The first era from 400 BCE to 1500 CE (formerly AD), constitutes the “long infancy” of economics, when it was “ethically immersed” and heavily influenced by religious precepts and practice. During this period, private property became acceptable “but social consent for self-centred individualistic behaviour was not yet conceded”.  In this chapter the views on commerce of great thinkers and philosophers of the 14th century are detailed. The perspectives of Aristotle, Xenophon, author of Oikonomia (translation: The Economist), Kautilya, Chinese philosopher-statesman Lord Shang, and professor, principal and judge Muhammad Ibn Khaldun on business and trade are presented.

The next epoch in the evolution of this social science, observes Jaganathan, was the period 1300-1776, described as the “brief childhood of economics” when it was “socially shackled” by Christian doctrine and dogma in Europe, whose hitherto backward nations transformed into dominant global powers. In the author’s view, the Black Death plague that swept across Europe between 1348-50 wiping out a  quarter of the continent’s population almost overnight, created a shortage of labour “which resulted in a shift in the rural workforce from serfdom to paid labour”, thus raising standards of living and promoting “the gradual shift, even in the rural economy, away from the barter system to money-based exchanges”.
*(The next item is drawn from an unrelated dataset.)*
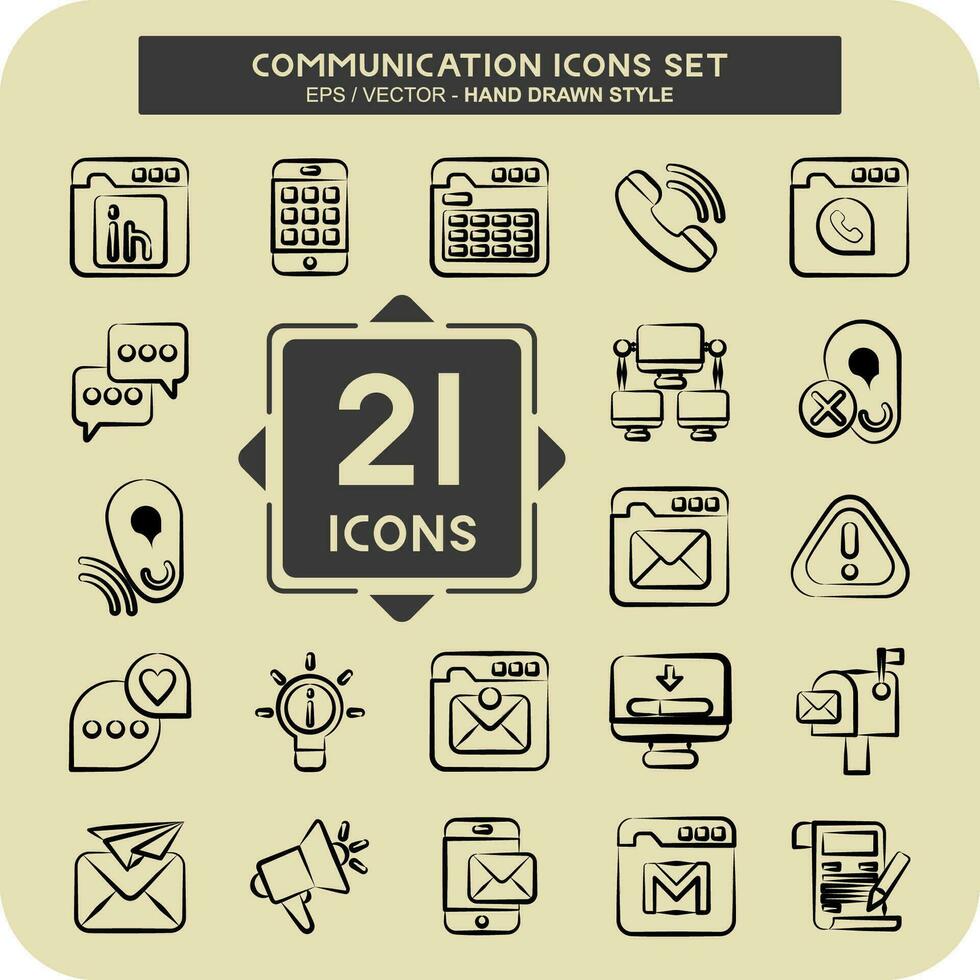 Icon Set Communication. related to Internet symbol. hand drawn style. simple design editable. simple illustration vector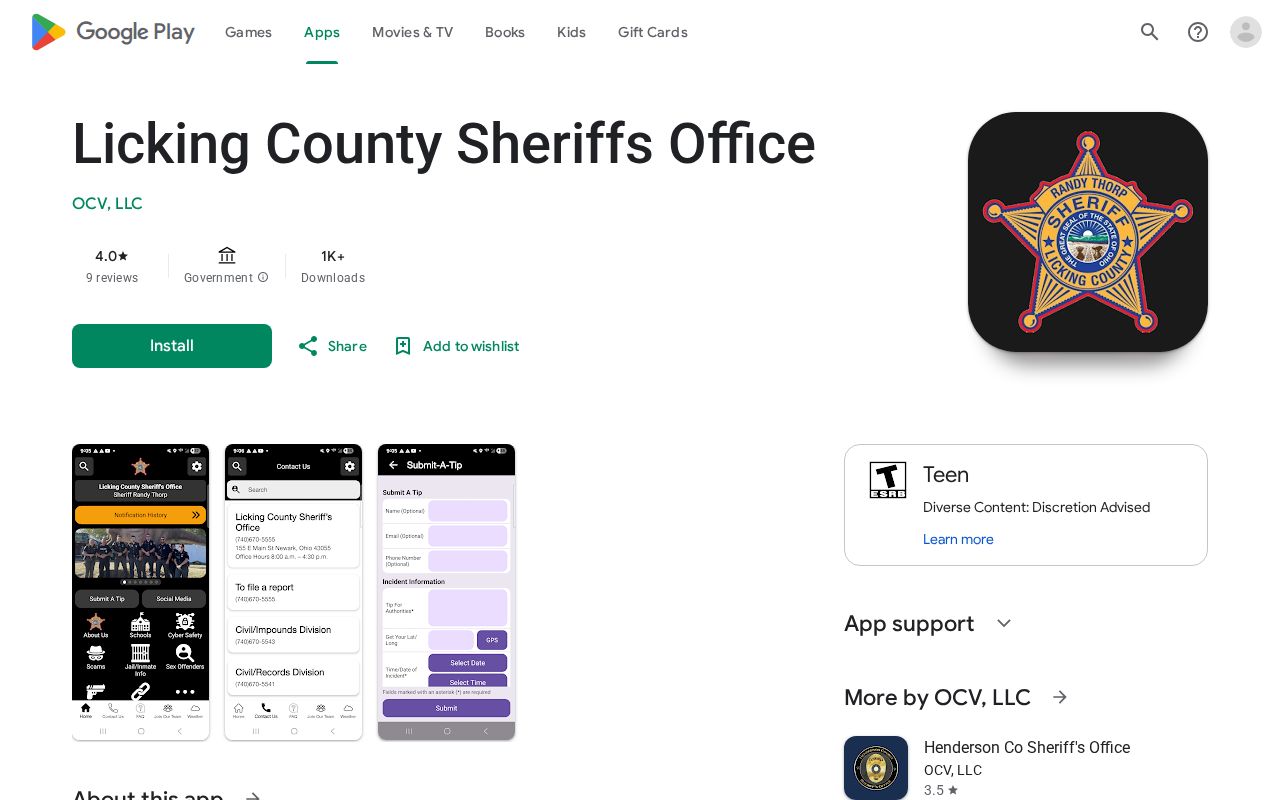 Google Play listing for the Licking County Sheriff’s Office app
Simultaneously, a growing number of people began to understand that the series of epidemics that caused perhaps the greatest demographic disaster in human history, was not the consequence of divine displeasure, but of the neglect of sanitation and hygiene. “Logical decisions started to displace faith and authority, which had hitherto ruled the day, in a small way. In commercial life, it emerged in the concept of prudent economic reason,” writes Jaganathan.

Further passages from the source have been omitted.